Le 15 avril 2019, la cathédrale Notre-Dame de Paris était victime d’un incendie majeur, endommageant sévèrement l’édifice. Au-delà de l’émotion suscitée par l’événement, se posait rapidement la question de la reconstruction des portions détruites et de l’impact de l’incendie sur les structures encore debout. Un sujet complexe, étant donné que le monument présente une grande valeur patrimoniale et qu’il est prévu pour recevoir régulièrement du public. Ainsi, comment évaluer les conséquences de l’incident sur la structure du bâtiment et sur ses propriétés mécaniques ?

Le projet ANR DEMMEFI entend développer une méthodologie permettant d’établir un diagnostic structurel post-incendie, en s’appuyant notamment sur des méthodes prédictives de modélisation numérique. Il regroupe des scientifiques de trois laboratoires publics (I2M, LMDC et LMGC[1]), dont une équipe d’IMT Mines Alès composée de deux chercheurs, Marie Salgues et Stéphane Corn, et d’un ingénieur de recherche, Florian Stratta.

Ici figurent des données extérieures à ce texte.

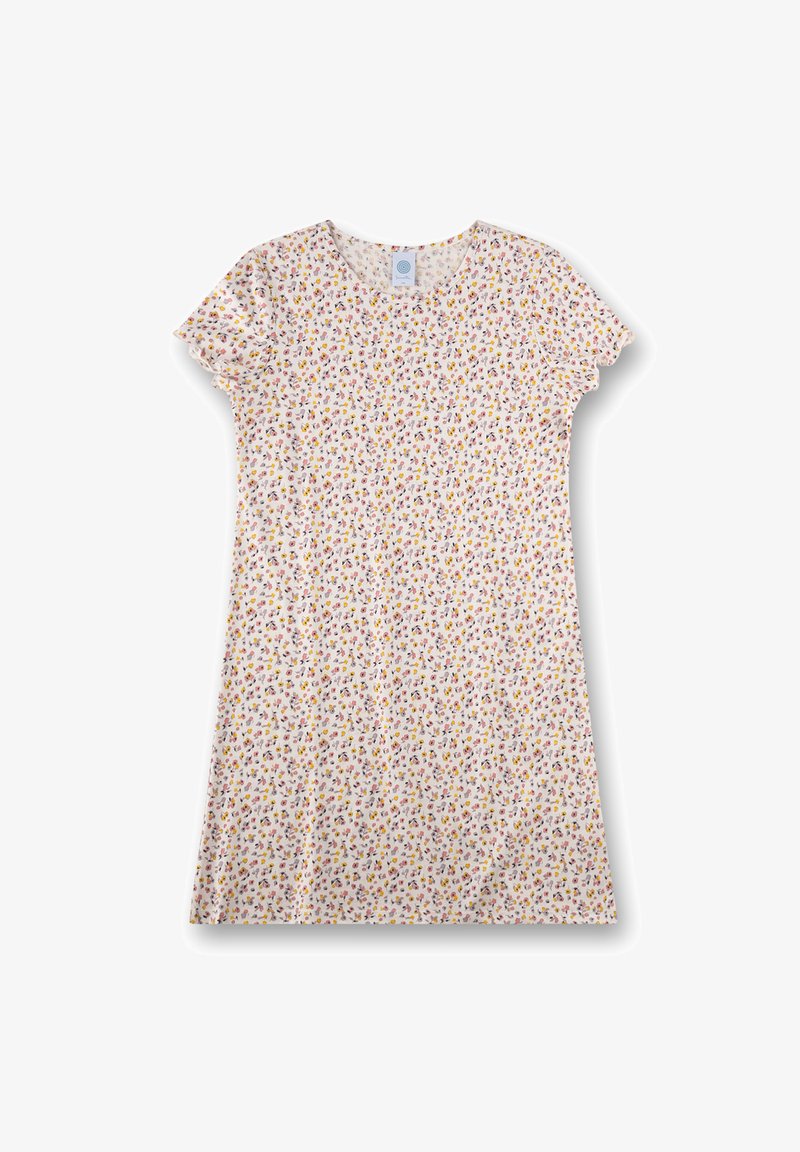 Short-sleeve dress with a round neckline, made of lightweight fabric, featuring a white background and multicolored floral patterns throughout.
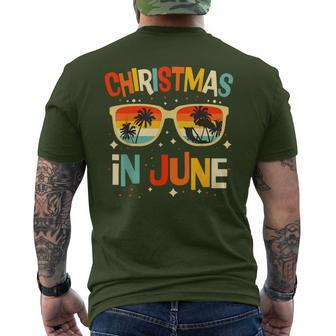 Christmas In June Sunglasses Summer Vacation Xmas Men's T-shirt Back Print - Monsterry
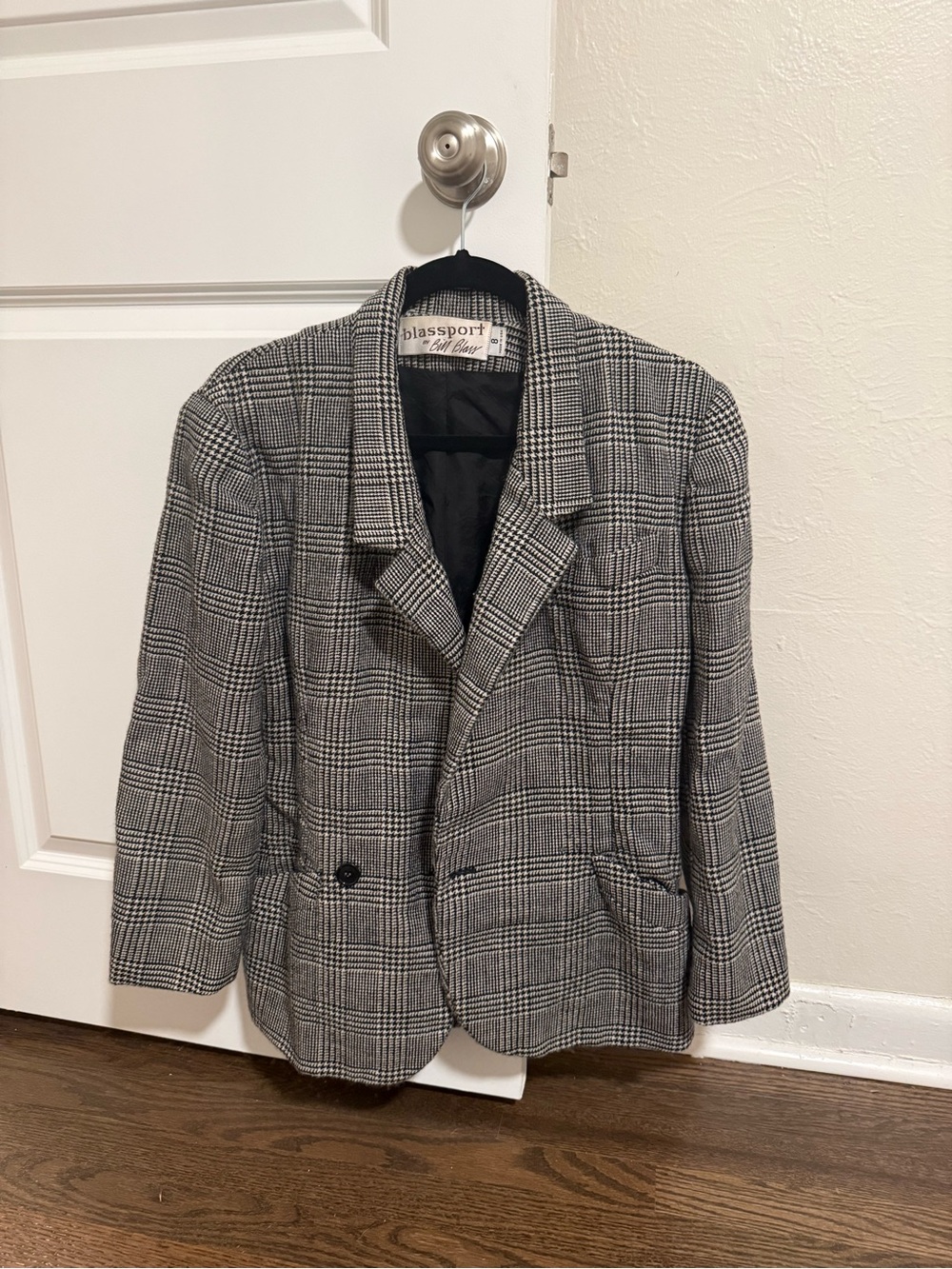 Classic Black & White Plaid Blazer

« Le cadre du projet s’étend au-delà de Notre-Dame de Paris, qui fait plutôt office de cas d’application intéressant », précise Marie Salgues. « De manière générale, notre objectif est d’évaluer les performances mécaniques résiduelles post-incendie de n’importe quelle structure maçonnée. » Autrement dit, de tout bâtiment ou ouvrage constitué de pierres et de mortier.

IMT Mines Alès apporte sa pierre (expérimentale) à l’édifice

Modéliser un édifice aussi complexe que la cathédrale parisienne s’avère évidemment d’une grande complexité. C’est pourquoi le projet DEMMEFI se divise en plusieurs étapes. Des premières observations ont ainsi été effectuées sur place, comme l’explique Stéphane Corn : « Des équipes ont procédé à différentes auscultations à l’intérieur de l’édifice. Par exemple, selon la couleur actuelle des pierres, il est possible de déterminer les températures auxquelles elles ont été exposées. » Des petits prélèvements ont également permis de déterminer la nature des pierres et le type de mortier utilisés au sein de l’ouvrage.

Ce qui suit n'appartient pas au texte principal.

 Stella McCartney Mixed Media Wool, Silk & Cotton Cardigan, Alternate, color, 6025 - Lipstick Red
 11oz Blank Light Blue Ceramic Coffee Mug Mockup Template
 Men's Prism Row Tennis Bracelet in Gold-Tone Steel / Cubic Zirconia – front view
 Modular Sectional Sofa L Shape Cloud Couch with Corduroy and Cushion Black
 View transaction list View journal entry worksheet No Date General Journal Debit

Ces observations préliminaires ont servi de point de départ aux travaux expérimentaux menés à IMT Mines Alès, dans le cadre d’une thèse de doctorat menée par Colin Guenser et co-encadrée par les deux chercheurs de l’école. Leur objectif : conduire en laboratoire des expérimentations reproduisant les contraintes thermiques et mécaniques exercées sur la structure de Notre-Dame de Paris pendant l’incendie – à partir des informations recueillies sur place – afin d’en évaluer l’incidence sur les propriétés mécaniques et thermophysiques des matériaux. Des données servant ensuite à alimenter des modèles numériques capables, à terme, d’établir des prédictions fiables sur la santé structurelle des édifices.

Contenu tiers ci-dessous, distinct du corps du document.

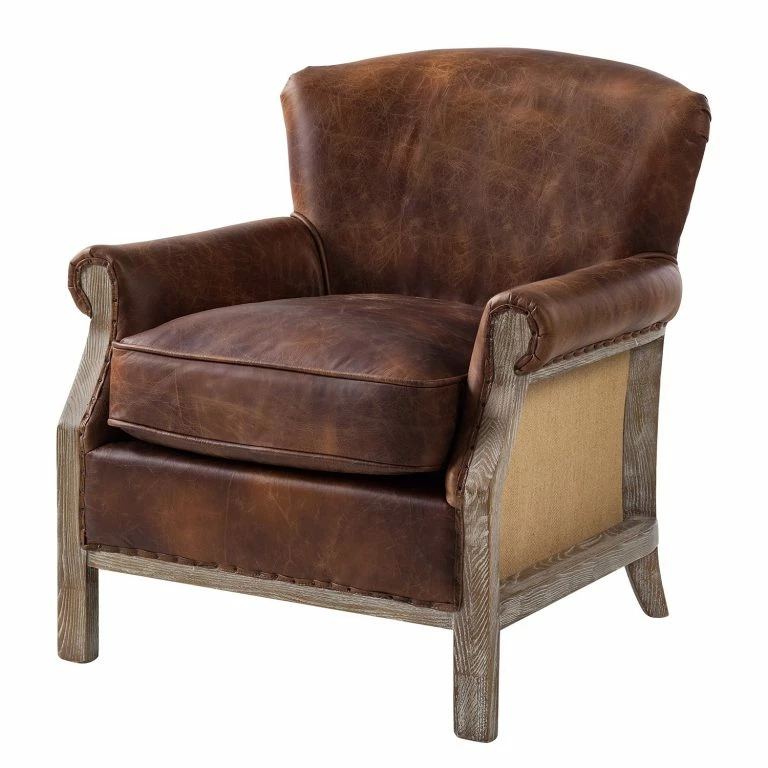 Loftscape Maison Belfort Fauteuil Aleixo – Cuir – Marron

Néanmoins, pour que cette phase expérimentale soit pertinente, encore fallait-il disposer de matériaux similaires à ceux du monument. « Nous avons travaillé sur une pierre se rapprochant de celle employée à Notre-Dame – du calcaire lutétien – extraite d’une carrière de la région parisienne », indique Marie Salgues. « Nous nous sommes également appuyés sur des études détaillant la formulation du mortier utilisé pour bâtir la cathédrale, et nous en avons fabriqué un reprenant ces caractéristiques. » Et ce, en employant des techniques de fabrication anciennes, afin de se rapprocher au plus près des propriétés des matériaux de la cathédrale.

Essais thermiques et mécaniques

L’équipe de recherche disposait alors de deux types d’échantillon, de pierre d’un côté, de mortier de l’autre, sur lesquels elle a conduit une série d’expérimentations. Il s’agissait premièrement d’essais thermiques, afin de mesurer la conductivité des matériaux. « Le but de ces tests est d’estimer la température atteinte au cœur de la matière pendant l’incendie et de comprendre comment la chaleur se propage dans l’édifice », développe Stéphane Corn. L’idée était de recréer ces conditions en laboratoire, en utilisant des fours, et d’étudier l’évolution des propriétés mécaniques des échantillons une fois refroidis, après exposition à des températures allant jusqu’à 600 °C.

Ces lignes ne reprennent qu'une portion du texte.